Ho sempre scritto fin da bambina, ho sempre inventato storie. Ero molto timida e questo mi permetteva di “sognare” e riempire le mie giornate. A scuola hanno scoperto che facevo bei temi e ho avuto la fortuna di avere professori che mi hanno incoraggiato. Poi è iniziato quasi per caso il mio percorso come “scrittrice” ufficiale. Un giorno sentii per radio che Einaudi indiceva un concorso per racconti sul disagio giovanile. Ho mandato 4 pagine scritte di getto, ma in maniera molto schietta e sentita. Mi hanno chiamato dopo alcuni mesi dicendo che era tra i selezionati per l’antologia. Da lì ho continuato a scrivere sia racconti che pseudo-romanzi (poi editati durante corsi di scrittura creativa) e ho iniziato a mandarli a tanti editori. Negli anni ho affinato tecnica e metodo. Ho preso a scrivere anche sceneggiature di corti e film. Così mando avanti parallelamente due passioni molto simili, facenti parte di due mondi diversi: narrativa e cinema. Nel frattempo sono diventata mamma, e questo è stato un passo per il quale ho voluto sentirmi pronta al 100%, perciò èarrivato tardino, ma ho fatto bene così. Prima dovevo uscire dalla mia “sindrome di Peter Pan” per il bene di entr ambe. Ora è una scelta che vivo in maniera consapevole e libera.
Anche tu hai partecipato al Salone Internazionale del libro di Torino con il tuo ultimo lavoro “cuori a spigoli”, ce ne parli?
Ho sempre amato il film “La Ronde” di Max Ophuls, uno dei miei registi prediletti, tratto dall’opera teatrale Girotondo di Schnitzler, perciò ho desiderato riportare questa impostazione in un romanzo. Allo stesso tempo, il libro che ho scritto, ricorda gli episodi di una serie tv: dato che ogni capitolo approfondisce un personaggio diverso e il personaggio secondario di ogni episodio diventa protagonista del capitolo successivo. Ho poi pensato ad un filo conduttore con cui legare tutte le storie. L’avevo in mente da anni (già dalla premessa del mio racconto “Sbologna”) e ho inteso riproporlo. Ognuno di loro è sfiorato da un avvenimento drammatico, pur essendo sopravvissuto (quello che è successo alla mia famiglia e a tanti altri in quel fatidico 2 agosto nella strage di Bologna).

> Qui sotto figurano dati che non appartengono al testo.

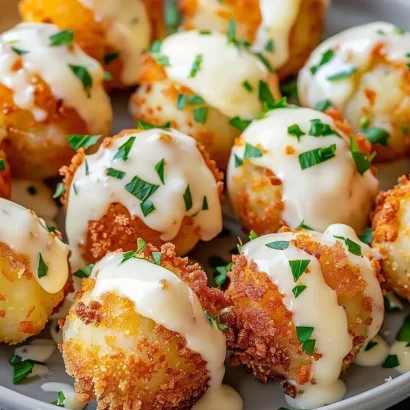 Thumbnail for Crispy Potato Cheese Balls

Prossimi progetti per il futuro?
Sto seguendo la fase di sviluppo di diversi film (cioè il passaggio dal soggetto alla sceneggiatura) e sto co-producendo un documentario insieme ad altre produzioni anche estere. In questo lavoro meglio stare su più progetti, anche se faticoso, perché essendo come un “terno al Lotto”, si possono avere più possibilità. Allo stesso tempo sto finendo un nuovo romanzo a cui lavoro da anni (mi capita di stare anche nella narrativa su due progetti contemporaneamente e scrivo a seconda di ciò che più mi ispira). Un’altra mia intenzione è quella di aprirmi verso l’estero, specie col cinema, perché cerco di ragionare in termini più universali che nazionali. Non per nulla mia figlia è nata in un periodo in cui mi trovavo spesso negli States. Forse perché io stessa ho sempre viaggiato molto fin da bambina (seguivamo spesso mio padre nei suoi reportage di viaggio) e non mi sono mai sentita limitata dai confini geografici. Penso infatti che non ci siano confini… se non nella nostra mente.